As for policing and criminal law, the parties agree to opt in to all measures concerning substantive criminal law and most measures concerning EU agencies and mutual recognition. In particular, they agree to opt into seven Directives, regarding: the European Investigation Order; protection orders; trafficking in persons; sexual abuse of children; cyber-crime; market abuse; and counterfeiting the euro. Conversely, they rule out opting in to the legislation on crime victims’ rights, the three Directives on suspects’ rights (concerning interpretation and translation, access to a lawyer and the right to information) and the rules on confiscation of criminal assets. They also rule out opting in to the legislation on EU funding in JHA matters.
They have partly agreed on future measures in this field, agreeing to opt in to the Regulations now under discussion on Europol and Eurojust (the EU prosecutors’ agency) and the Directive on passenger name records, but to opt out of the legislation establishing the European Public Prosecutor. The Commission has also proposed legislation on the European Police College, fraud against EU funds and drug trafficking, along with three more suspects’ rights measures (concerning childrens’ rights, the presumption of innocence and legal aid).
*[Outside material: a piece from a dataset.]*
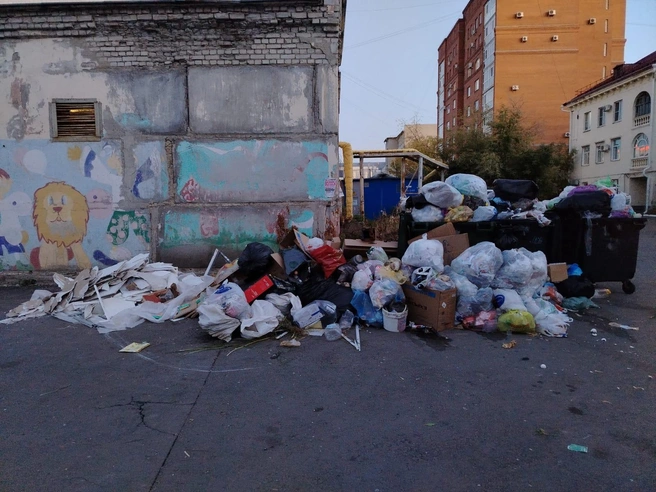 Такая гора мусора скопилась у дома № 14 по улице Ленина в центре города | Источник: читатель 45.RU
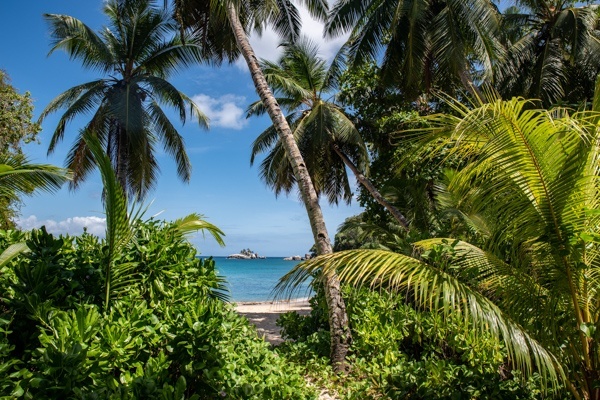 Blick durch die Palmen auf den Strand Anse L’ilot auf Mahe, Seychellen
Decisions on those measures will again depend upon on a future consensus of the relevant parties, or endorsement in a general election.
The parties’ clarification of their intentions provides useful certainty for the Danish public when it has the opportunity to vote on these issues. In general, in criminal matters Denmark would be participating in the EU measures assisting the prosecution, without any counterbalance by means of recent legislation regarding the rights of victims or suspects. Similarly it would still be participating in the Schengen rules on external border controls and the abolition of internal border checks, without any of the accompanying harmonisation of immigration and asylum law that applies to other Schengen States which are EU members. On the whole, Denmark would also be participating in more JHA legislation than the UK and Ireland – not just as regards full participation in Schengen (as is already the case), but also as regards the EU legislation on inheritance, account preservation, investigation orders, market abuse, currency counterfeiting and Eurojust, all of which one or both of the UK and Ireland have opted out of. On the other hand, the UK and Ireland have opted in to the EU legislation on crime victims’ rights, some of the legislation on suspects’ rights and the first phase of EU asylum law. Given that Ireland participates in the single currency, a Danish ‘yes’ to selective participation in JHA law would cement the UK’s position as the chief non-participant in EU laws which bind most other Member States.